Banks accused of failing to support UK car industry
Leading banks have come under attack from the motor industry, amid claims they were unwilling to lend money to car firms as they battled to recover from the recession.
Senior officials from the Society of Motor Manufacturers and Traders have held talks with banks to try to speed up loans, but were left with the impression that they were unwilling to help. One car industry executive privately accused bankers of a "lack of sensitivity" about the world of business.
"Unless you are a global vehicle manufacturer or an internationally-based supplier, they are not interested in lending you money," he said.

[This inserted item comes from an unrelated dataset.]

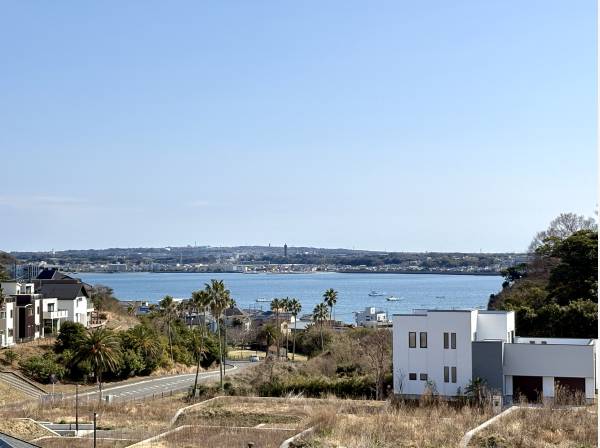 現地から100m離れた位置から撮影した現地写真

Paul Everitt, chief executive of the SMMT, revealed today that he has held talks with banks including Barclays, Lloyds and HSBC in recent weeks about loans to car firms. One banker told him: "We are not going to make any money out of that", while another said: "If the suit industry had fallen by 30 per cent, we would treat them the same way."
Mr Everitt said: "I think they are making a mistake because they don't understand the strategic shift to our industry and the economy. We will get investment in the UK, but it will be from foreign banks who are prepared to back UK manufacturing. That cannot be in the long-term interest of their business."
Mr Everitt also revealed that the Government's Automotive Assistance Scheme, launched almost a year ago to administer £1 billion of loan guarantees from the Government and £1.3 billion of loan guarantees from the European Investment Bank, has not supported a single scheme.
Business secretary Lord Mandelson announced the programme on January 27 last year, but no loans or loan guarantees have been given to any motor firms.
The SMMT predicted an "extremely tough" year for the motor industry in 2010, with car sales expected to reach 1.8 million, around 10 per cent down on last year. It said this month's increase in VAT and the ending of the car scrappage scheme, expected next month, would both impact on the industry.
"There is concern that a fragile recovery, the VAT increase and the ending of the scheme will mean another tough year for the industry," said Mr Everitt.
"The focus now is on ensuring that the Government does all it can to sustain and strengthen the economy. Consumers, dealers and companies in the supply chain are still finding it difficult to secure affordable finance. More pressure needs to be brought to bear on the finance community to support the wider economy," he said.
A banking source close to the talks with the SMMT said the talks were productive and held in an atmosphere of "mutual understanding", adding: "I am surprised by the comments, which do not reflect the constructive tone of the meeting."
Car production slumped by 30 per cent
The SMMT also announced that car production slumped in 2009, driven down by the depressed state of the motor market in the early part of the year. Commercial vehicle (CV) production also took a battering, the organisation’s figures showed.
Despite excellent December 2009 results, the number of cars produced last year was 30.9 per cent down on the 2008 figure. In total, 999,460 cars were manufactured in the UK last year. CV production totalled 90,679 - a 55.3 per cent drop on 2008.
The industry could at least take heart from the December 2009 figures which showed that car production rose 58.5 per cent compared with December 2008 - the biggest monthly increase since May 1976. CV production last month was up 15.6 per cent compared with December 2008.
SMMT chief executive Paul Everitt said today: "The significant rise in December vehicle production is welcome news and signals some greater stability across global automotive markets. We expect the year ahead to be extremely challenging, but the return of economic growth and a competitive exchange rate will help UK producers.
"Car and commercial vehicle production remain well below pre-recession levels and it is essential that there continues to be a focus on creating more and better-priced finance for businesses and consumers."
The main damage was done in the first part of the year when the lack of consumer demand led many car companies to cut production.
The introduction of the Government's car scrappage scheme boosted both production and sales in the second half of 2009. However, the scrappage scheme is due to end soon and the worry is that the recent sales and production surge could cease.
Business minister Ian Lucas said: "The automotive industry has had a difficult year, but industry and Government have taken action to help manage the challenges. The £400 million scrappage scheme has helped boost demand and even enabled some companies to boost production - like Nissan in Sunderland.
"The end of 2009 saw some exciting developments for the industry in the UK. Vauxhall and Honda began production of their new models, Toyota announced the UK would be the first European plant to produce its first hybrid Auris vehicle, and BMW announced that it will build two new Mini models at its Cowley plant."
A Business Department spokesperson added: "The industry has had a tough year, and has responded well to the challenges. It is important to remember that the 2009 production figures reflect the extended shutdowns over the summer, which was a way of managing the downturn in demand without losing capacity.
"The SMMT's figures have consistently shown the Government's scrappage scheme has boosted the industry, and consumers still wanting to benefit from the scheme should put their orders in quickly as time is running out."